The effect of temperature on biological processes and systems is one of the most studied topics in ecology. Despite a wealth of existing research, we still have a relatively poor understanding of what factors contribute to the thermal tolerance of complex organisms. Much research suggests that oxygen limitation at extreme temperatures is what determines the thermal limits of complex aquatic life; however, this hypothesis (i.e. Oxygen-and capacity-limitation of thermal tolerance; Pörtner 2010) has not proven very useful in explaining the thermal limits of terrestrial organisms. One reason is that there is a comparatively greater amount of oxygen in air vs water. Moreover, terrestrial organisms tend to have very efficient systems of ventilation (e.g., air sacs of birds and tracheal system of insects). Terrestrial vertebrate embryos, however, rely solely on diffusion of oxygen through a hard shell and, thus, their thermal limits may be set by oxygen limitation (Smith et al. 2015).

Sylvia Nunez and Thom Sanger set out to determine the relationship between oxygen availability and temperature for brown anole (Anolis sagrei) embryos. Previous work shows that thermal stress can induce embryo mortality and severe craniofacial malformations at incubation temperatures above 33 °C (Sanger et al. 2018). They used a factorial design (2 incubation temperatures: 27 °C and 33 °C; and 2 oxygen treatments: 10% O2 and 21% O2) and dissected eggs at day 14 or day 20 after oviposition to measure the effects of these treatments during morphogenesis and the growth phase of development, respectively. They found that hypoxia did not lower survival during these periods at 27 °C; however, survival was reduced for embryos incubated at 33 °C and under hypoxic conditions (i.e. 10% O2). Furthermore, high temperatures and low oxygen resulted in various craniofacial malformations and increased incidences of cerebral blood-pooling. It appears that oxygen supply may limit the thermal tolerance of anole embryos, and these data support the findings of previous work in other lizard species (Smith et al. 2015). The next steps for the Sanger lab are to determine the cellular mechanisms that drive the results discovered in their current study.

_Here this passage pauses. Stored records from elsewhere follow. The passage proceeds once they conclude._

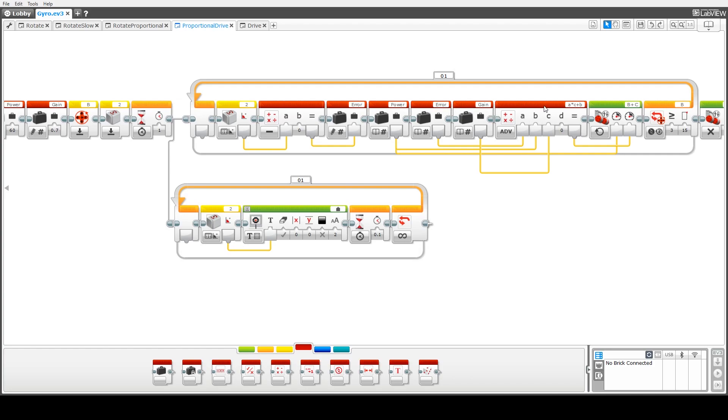And what we've done here is we multiply the error which is stored in variable a by the gain which is at this stage 0.7 or 70 percent and we add that to the power rating.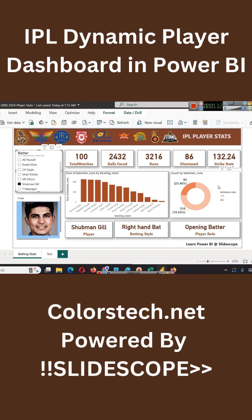So let's get started, analyze this data, and create this dashboard.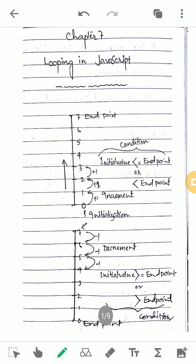In the previous chapter we learned that a program can be written in three different forms: sequential basis, selective basis, and looping. Sequential means one statement after another is executed. Selection comes under switch and if-else — some parts of the program are executed and some parts can be omitted. That's why it is known as selection.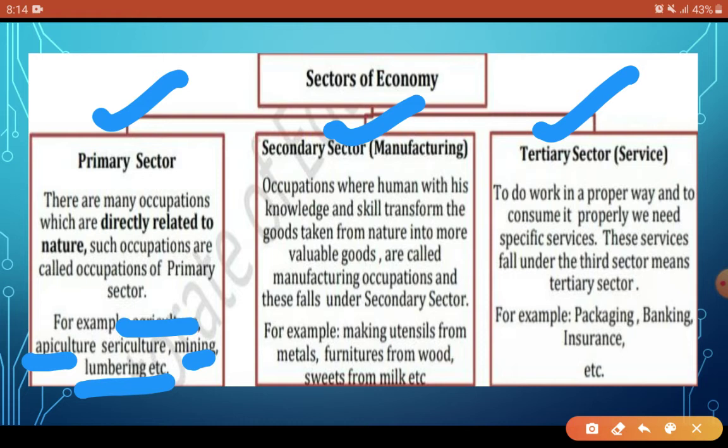Now the Tertiary sector — to produce and consume goods properly, we need specific services. Once the Primary sector provides goods and the Secondary sector transforms them, we still need services to reach consumers properly. These services include packaging, banking, insurance, transportation, and storage, all of which fall under the Tertiary sector.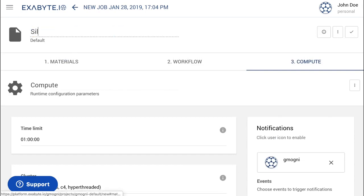Then, set the name for the job. Here, we call it Silicon Zero-Point Energy calculation.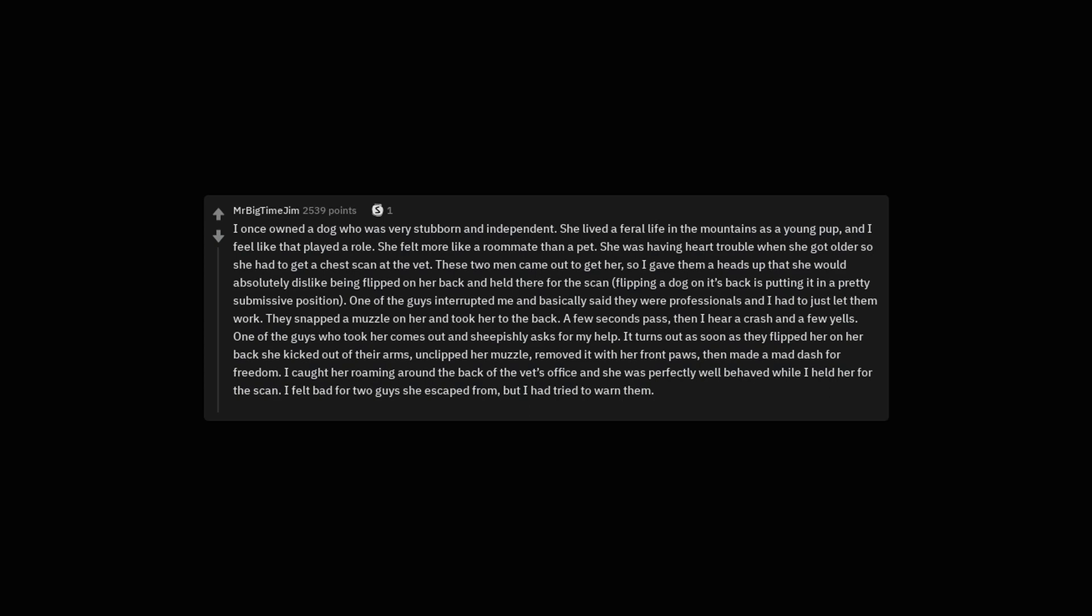They snapped a muzzle on her and took her to the back. A few seconds pass, then I hear a crash and a few yells. One of the guys who took her comes out and sheepishly asks for my help. It turns out as soon as they flipped her on her back she kicked out of their arms, unclipped her muzzle, removed it with her front paws, then made a mad dash for freedom. I caught her roaming around the back of the vet's office and she was perfectly well behaved while I held her for the scan. I felt bad for two guys she escaped from, but I had tried to warn them.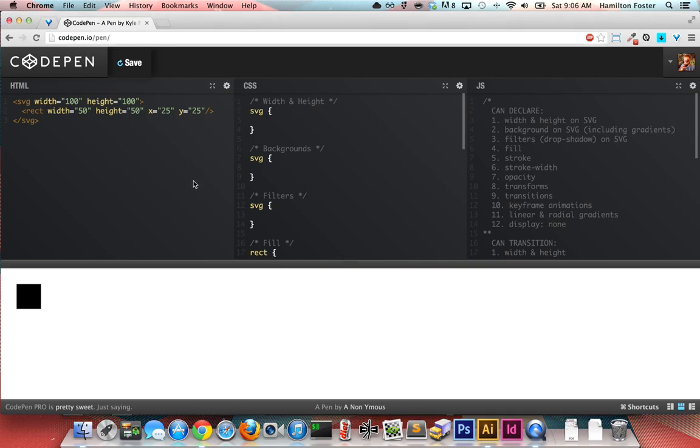What's going on party people, Kyle here, and today we are going to be experimenting. We're going to be seeing how you can manipulate SVG with CSS. This is by far been my most requested video, so hopefully this will help you out.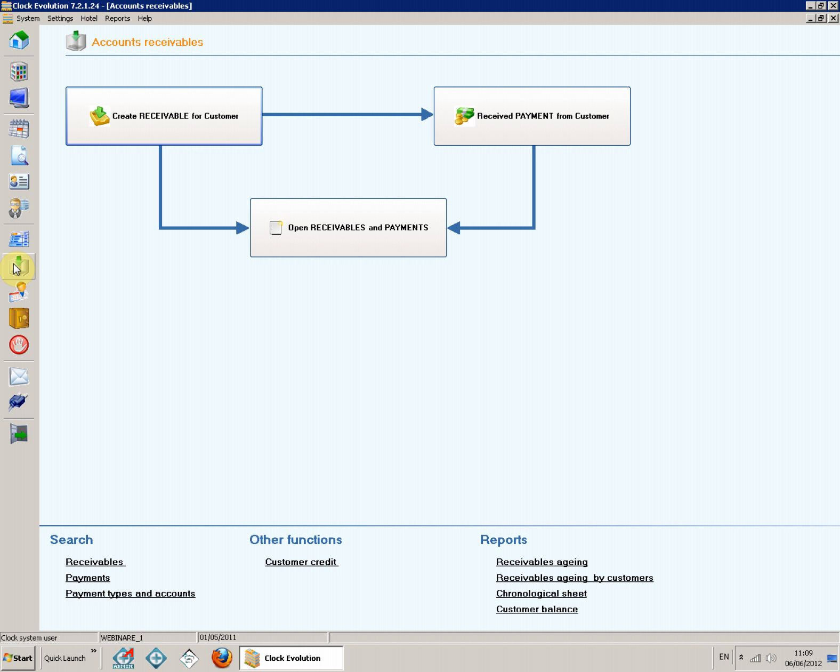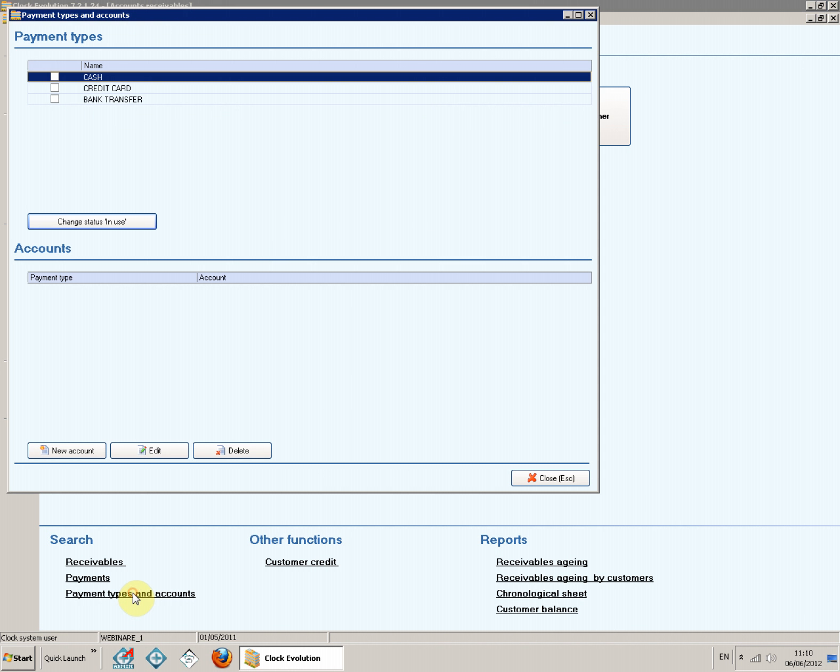Open link Payment Types and Accounts in the lower left corner to open screen Payment Types and Accounts. To allow a payment type, select the desired type and click Change Status in Use.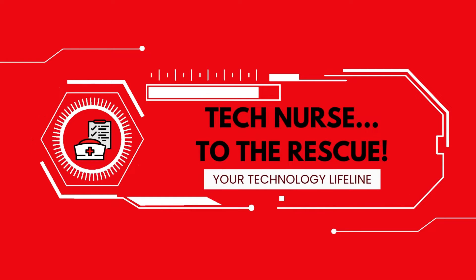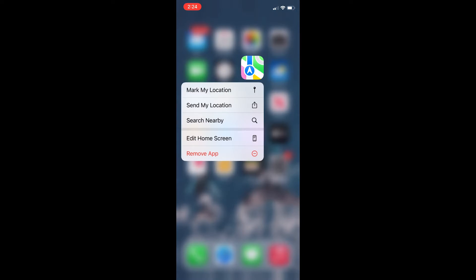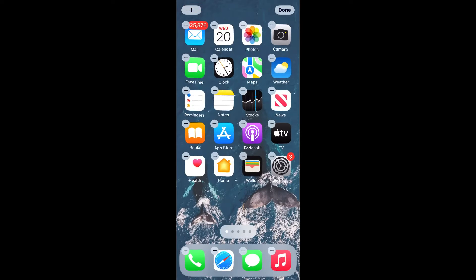I am going to show you how to move or delete apps. Press and hold on an app and then let go. A menu will come up. Tap edit home screen.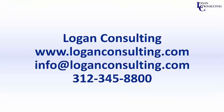For all of your Microsoft Dynamics consulting needs, please visit our website at loganconsulting.com, email us at info at loganconsulting.com, or call us at 312-345-8800.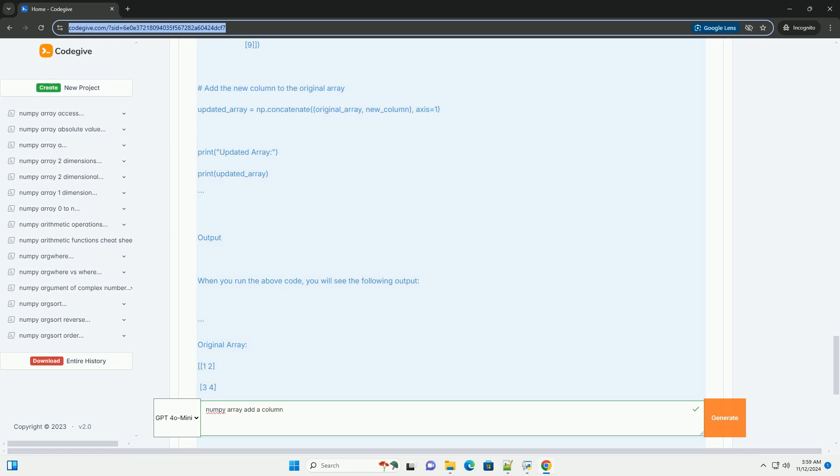Conclusion: In this tutorial, we've learned how to create a NumPy array and add a new column to it using the numpy.concatenate function. This method is efficient and flexible, allowing you to manipulate arrays easily. You can use similar techniques to add rows or manipulate multidimensional arrays in various ways.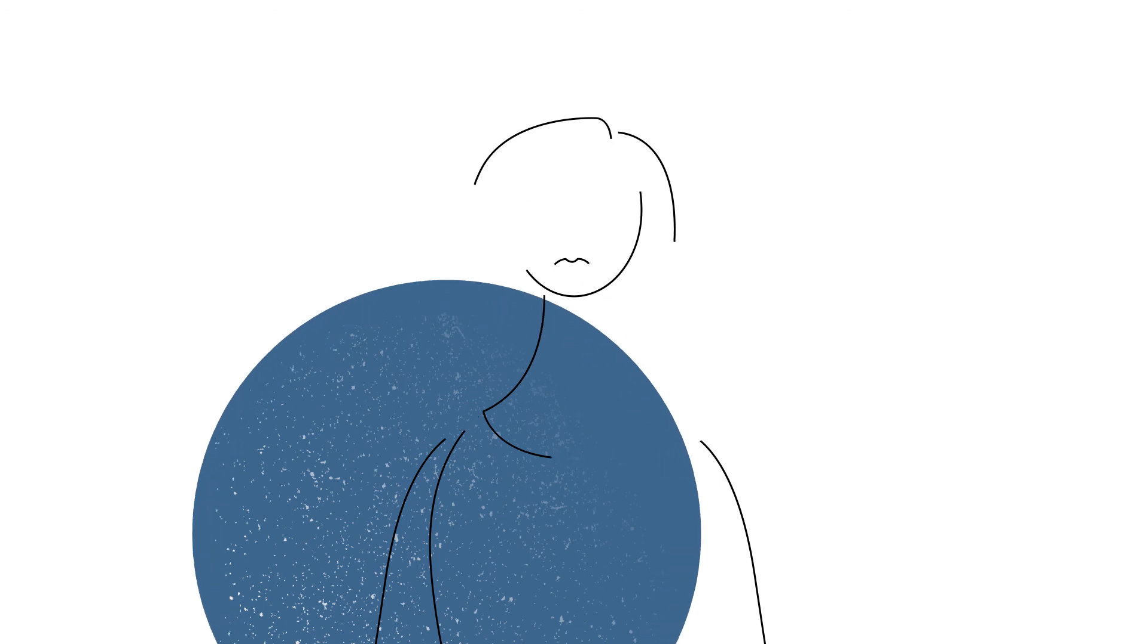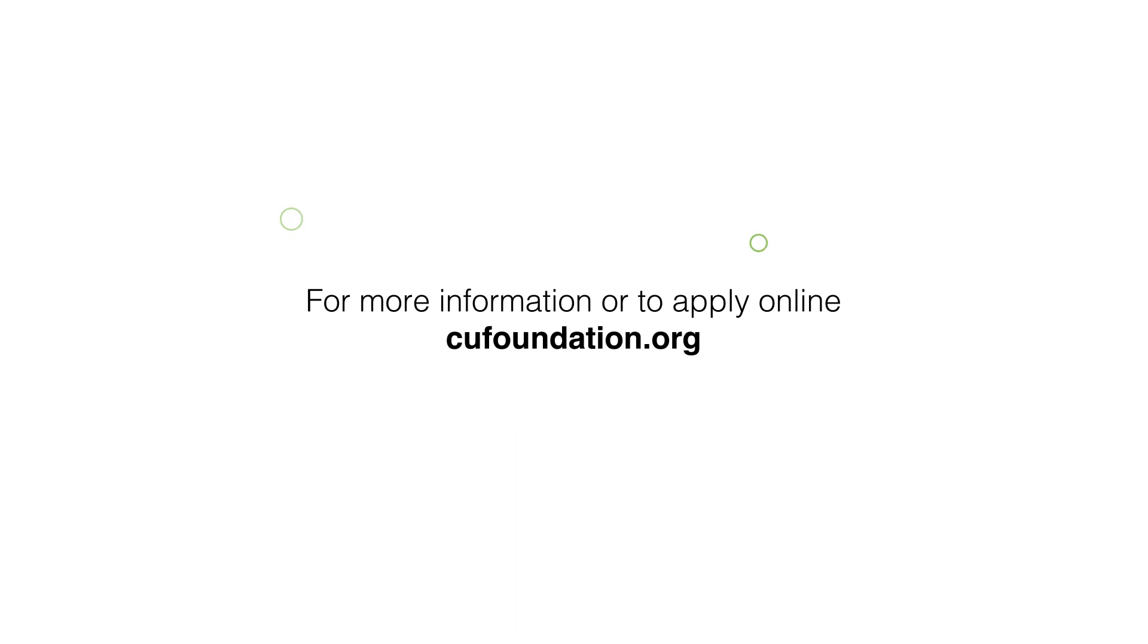Get excited about your future. For more information about the Credit Unions of BC Bursary Program or to apply online, visit cufoundation.org.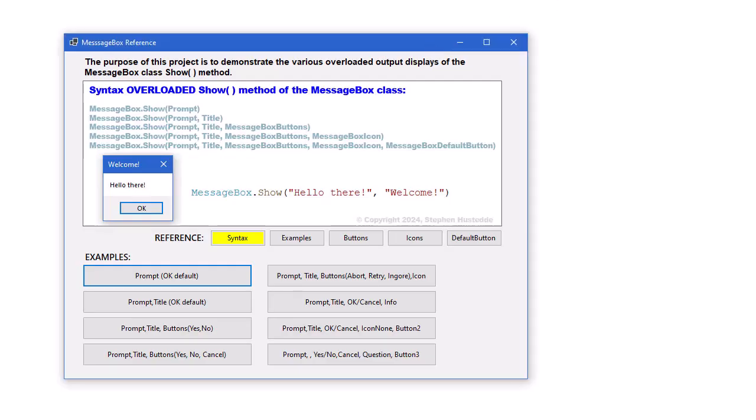In this practical project, we're going to create a reference application on message boxes showing the various ways that can be configured. This will give us some hands-on practice in coding the message box with its various arguments.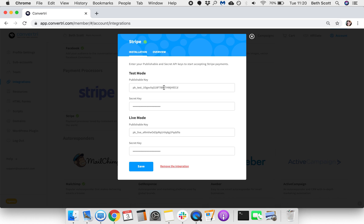Enter your publishable key and secret key for Test Mode and publishable key and secret key for Live Mode. You can find these in your Stripe account. For more information on Stripe, click on the Overview tab.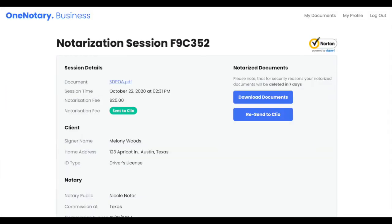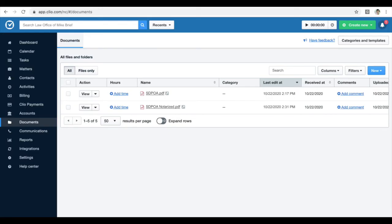Once the notarization is complete, the request screen will change. I can check that the document is notarized, the type, and other details. I can also see that the document is already delivered to Clio. In Clio, I'll find the notarized document in the same folder with a notarized suffix next to it.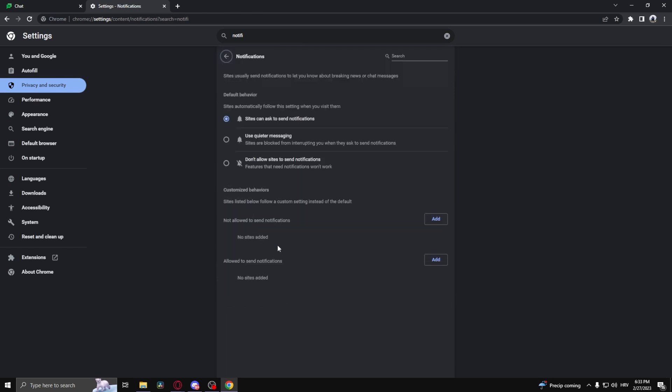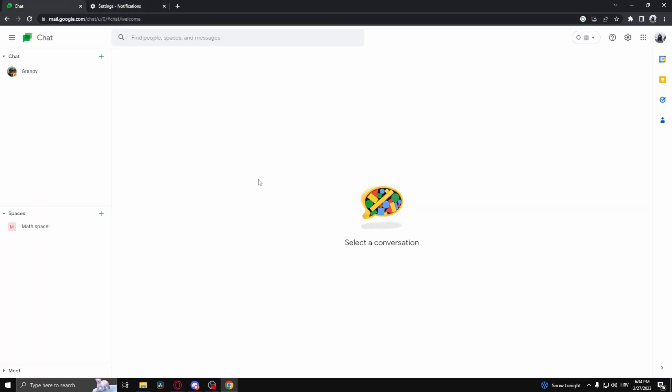Here you'll see notifications. Click that, and here you can allow certain websites to send notifications and disallow web pages to send you notifications. The three options up top are for every single web page. And there you go, that's how to fix notifications not working in Google Chat.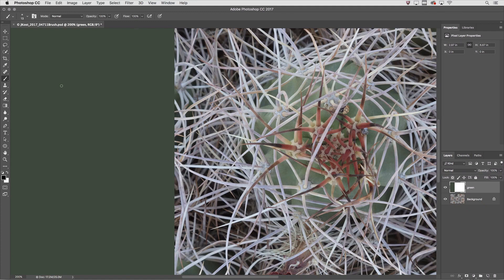Welcome to 321 Photoshop. I'm Julieanne Kost. Here are five tips to help us when we're working with brushes.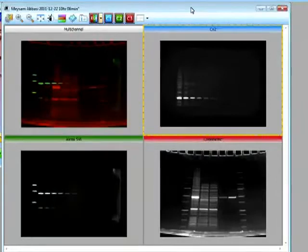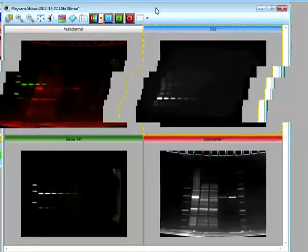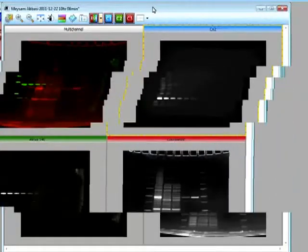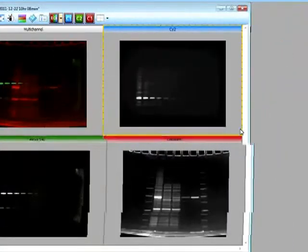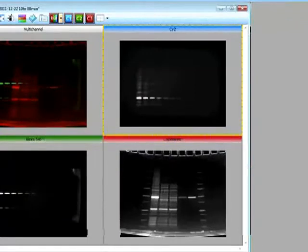So this is how easy it is to take an image for multi-channel protocols.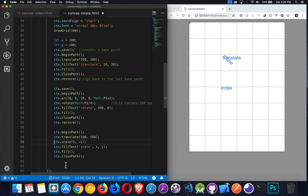I hope that helps you understand how all these transforms work, how the save and restore of the context works, how the positioning works after you do a translate, and how the rotation is going to work. If you have any questions, feel free to leave them in the comments below. I will leave a Codist link in the description for this video. Thanks for watching.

Pörtner, H.O., 2010. Oxygen-and capacity-limitation of thermal tolerance: a matrix for integrating climate-related stressor effects in marine ecosystems. Journal of Experimental Biology213: 881-893.

Sanger, T.J., Kyrkos, J., Lachance, D.J., Czesny, B. and Stroud, J.T., 2018. The effects of thermal stress on the early development of the lizard Anolis sagrei. Journal of Experimental Zoology Part A: Ecological and Integrative Physiology329:244-251.

Smith, C., Telemeco, R.S., Angilletta, M.J. and VandenBrooks, J.M., 2015. Oxygen supply limits the heat tolerance of lizard embryos. Biology letters11:20150113.

SICB 2019: Mite Loads Impact Energy Allocation in Male Lizards

Different environments promote different life history strategies. The way an organism allocates resources in an environment can have large consequences on growth, reproduction, and immune function. Furthermore, energy allocation tradeoffs may differ between sexes. The energetic costs of immunity can differ between sexes due to differences in energetic demands and ecology. However, the reason some organisms exhibit sex-based energy allocation, and the causes of this phenomenon, remain enigmatic.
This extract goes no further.